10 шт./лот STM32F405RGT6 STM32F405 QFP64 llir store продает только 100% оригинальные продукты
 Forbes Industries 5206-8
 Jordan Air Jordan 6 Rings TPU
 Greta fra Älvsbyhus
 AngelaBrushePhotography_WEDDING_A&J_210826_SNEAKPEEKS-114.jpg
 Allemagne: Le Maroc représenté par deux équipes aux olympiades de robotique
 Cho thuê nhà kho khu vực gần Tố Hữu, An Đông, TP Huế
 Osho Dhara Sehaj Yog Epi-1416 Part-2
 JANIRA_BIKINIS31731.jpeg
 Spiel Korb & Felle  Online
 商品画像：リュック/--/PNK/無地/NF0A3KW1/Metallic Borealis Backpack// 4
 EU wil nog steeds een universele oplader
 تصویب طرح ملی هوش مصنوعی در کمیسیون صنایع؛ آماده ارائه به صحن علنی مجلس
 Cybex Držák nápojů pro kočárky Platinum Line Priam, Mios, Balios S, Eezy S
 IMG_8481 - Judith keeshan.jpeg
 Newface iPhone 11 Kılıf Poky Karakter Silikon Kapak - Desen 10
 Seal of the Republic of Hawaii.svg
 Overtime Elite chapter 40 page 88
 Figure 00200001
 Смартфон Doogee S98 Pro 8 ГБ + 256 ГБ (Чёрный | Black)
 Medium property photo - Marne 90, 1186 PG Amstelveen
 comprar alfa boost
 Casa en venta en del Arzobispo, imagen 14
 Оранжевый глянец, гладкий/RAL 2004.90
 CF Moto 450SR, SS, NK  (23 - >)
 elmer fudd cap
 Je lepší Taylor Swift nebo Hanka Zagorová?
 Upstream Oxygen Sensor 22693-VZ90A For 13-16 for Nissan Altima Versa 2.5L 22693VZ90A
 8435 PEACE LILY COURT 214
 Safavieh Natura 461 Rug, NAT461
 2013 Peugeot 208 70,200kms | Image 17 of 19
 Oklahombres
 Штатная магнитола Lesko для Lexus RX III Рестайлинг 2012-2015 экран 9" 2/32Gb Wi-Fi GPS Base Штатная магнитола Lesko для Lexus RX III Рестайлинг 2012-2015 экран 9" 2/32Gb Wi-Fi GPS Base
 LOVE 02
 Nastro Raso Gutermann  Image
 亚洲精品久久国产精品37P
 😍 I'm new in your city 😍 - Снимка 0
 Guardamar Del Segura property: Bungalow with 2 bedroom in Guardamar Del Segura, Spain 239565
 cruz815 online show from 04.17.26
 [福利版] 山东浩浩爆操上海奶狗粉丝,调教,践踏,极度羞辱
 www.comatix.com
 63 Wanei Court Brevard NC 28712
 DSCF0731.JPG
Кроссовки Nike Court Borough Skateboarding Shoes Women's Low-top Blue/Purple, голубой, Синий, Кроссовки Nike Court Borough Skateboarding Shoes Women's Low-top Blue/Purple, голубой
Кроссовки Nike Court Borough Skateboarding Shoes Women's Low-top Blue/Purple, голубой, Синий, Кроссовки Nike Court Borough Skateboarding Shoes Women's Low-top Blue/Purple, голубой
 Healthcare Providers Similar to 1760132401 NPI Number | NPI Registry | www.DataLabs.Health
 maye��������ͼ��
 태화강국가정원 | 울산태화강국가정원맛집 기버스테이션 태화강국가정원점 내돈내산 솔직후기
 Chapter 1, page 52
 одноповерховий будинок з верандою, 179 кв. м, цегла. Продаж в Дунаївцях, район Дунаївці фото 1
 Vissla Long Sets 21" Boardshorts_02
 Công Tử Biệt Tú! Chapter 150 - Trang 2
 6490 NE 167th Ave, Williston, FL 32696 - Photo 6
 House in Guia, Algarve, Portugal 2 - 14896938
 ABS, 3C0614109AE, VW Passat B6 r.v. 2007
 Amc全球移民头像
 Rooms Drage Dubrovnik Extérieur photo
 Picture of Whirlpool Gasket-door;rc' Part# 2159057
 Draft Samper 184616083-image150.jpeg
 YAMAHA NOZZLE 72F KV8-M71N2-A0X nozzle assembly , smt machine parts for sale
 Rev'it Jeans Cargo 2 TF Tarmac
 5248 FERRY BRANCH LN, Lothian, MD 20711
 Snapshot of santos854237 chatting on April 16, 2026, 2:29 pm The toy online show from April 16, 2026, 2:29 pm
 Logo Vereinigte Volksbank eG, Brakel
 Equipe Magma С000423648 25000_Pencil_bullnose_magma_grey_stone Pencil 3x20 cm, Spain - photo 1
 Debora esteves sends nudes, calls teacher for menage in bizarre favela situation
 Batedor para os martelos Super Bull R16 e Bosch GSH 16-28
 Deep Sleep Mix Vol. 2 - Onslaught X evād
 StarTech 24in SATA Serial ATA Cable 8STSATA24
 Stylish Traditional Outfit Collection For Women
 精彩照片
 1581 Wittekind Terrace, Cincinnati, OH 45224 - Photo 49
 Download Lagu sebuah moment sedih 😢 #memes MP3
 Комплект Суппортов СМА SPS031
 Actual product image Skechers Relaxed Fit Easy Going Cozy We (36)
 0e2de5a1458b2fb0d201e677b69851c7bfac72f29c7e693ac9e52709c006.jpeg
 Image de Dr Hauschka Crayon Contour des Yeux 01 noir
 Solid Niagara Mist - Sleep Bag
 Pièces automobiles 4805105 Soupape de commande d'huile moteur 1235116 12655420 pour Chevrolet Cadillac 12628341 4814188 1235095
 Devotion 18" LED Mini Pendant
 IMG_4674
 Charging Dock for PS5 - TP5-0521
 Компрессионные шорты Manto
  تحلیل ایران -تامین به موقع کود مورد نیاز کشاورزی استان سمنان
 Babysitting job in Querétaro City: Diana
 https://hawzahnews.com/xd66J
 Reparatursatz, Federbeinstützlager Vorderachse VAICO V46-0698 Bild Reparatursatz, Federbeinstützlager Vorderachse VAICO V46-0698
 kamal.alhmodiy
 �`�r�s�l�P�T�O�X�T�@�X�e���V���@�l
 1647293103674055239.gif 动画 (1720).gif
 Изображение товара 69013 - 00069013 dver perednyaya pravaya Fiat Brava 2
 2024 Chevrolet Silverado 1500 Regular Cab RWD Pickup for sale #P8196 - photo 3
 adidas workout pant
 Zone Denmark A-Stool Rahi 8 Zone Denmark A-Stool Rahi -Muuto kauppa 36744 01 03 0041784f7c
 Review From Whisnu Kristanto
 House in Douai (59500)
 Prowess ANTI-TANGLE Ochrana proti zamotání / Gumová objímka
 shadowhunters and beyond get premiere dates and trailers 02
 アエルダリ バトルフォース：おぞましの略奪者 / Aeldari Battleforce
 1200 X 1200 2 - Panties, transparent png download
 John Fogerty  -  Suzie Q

-----

▶ **Exercise**
Nothing should appear in the answer except the lines above from the line with "AngelaBrushePhotography_WEDDING_A&J_210826_SNEAKPEEKS-114.jpg" through the line with "Nastro Raso Gutermann", both included, written out exactly.

▶ **Solution for this task**
 AngelaBrushePhotography_WEDDING_A&J_210826_SNEAKPEEKS-114.jpg
 Allemagne: Le Maroc représenté par deux équipes aux olympiades de robotique
 Cho thuê nhà kho khu vực gần Tố Hữu, An Đông, TP Huế
 Osho Dhara Sehaj Yog Epi-1416 Part-2
 JANIRA_BIKINIS31731.jpeg
 Spiel Korb & Felle  Online
 商品画像：リュック/--/PNK/無地/NF0A3KW1/Metallic Borealis Backpack// 4
 EU wil nog steeds een universele oplader
 تصویب طرح ملی هوش مصنوعی در کمیسیون صنایع؛ آماده ارائه به صحن علنی مجلس
 Cybex Držák nápojů pro kočárky Platinum Line Priam, Mios, Balios S, Eezy S
 IMG_8481 - Judith keeshan.jpeg
 Newface iPhone 11 Kılıf Poky Karakter Silikon Kapak - Desen 10
 Seal of the Republic of Hawaii.svg
 Overtime Elite chapter 40 page 88
 Figure 00200001
 Смартфон Doogee S98 Pro 8 ГБ + 256 ГБ (Чёрный | Black)
 Medium property photo - Marne 90, 1186 PG Amstelveen
 comprar alfa boost
 Casa en venta en del Arzobispo, imagen 14
 Оранжевый глянец, гладкий/RAL 2004.90
 CF Moto 450SR, SS, NK  (23 - >)
 elmer fudd cap
 Je lepší Taylor Swift nebo Hanka Zagorová?
 Upstream Oxygen Sensor 22693-VZ90A For 13-16 for Nissan Altima Versa 2.5L 22693VZ90A
 8435 PEACE LILY COURT 214
 Safavieh Natura 461 Rug, NAT461
 2013 Peugeot 208 70,200kms | Image 17 of 19
 Oklahombres
 Штатная магнитола Lesko для Lexus RX III Рестайлинг 2012-2015 экран 9" 2/32Gb Wi-Fi GPS Base Штатная магнитола Lesko для Lexus RX III Рестайлинг 2012-2015 экран 9" 2/32Gb Wi-Fi GPS Base
 LOVE 02
 Nastro Raso Gutermann  Image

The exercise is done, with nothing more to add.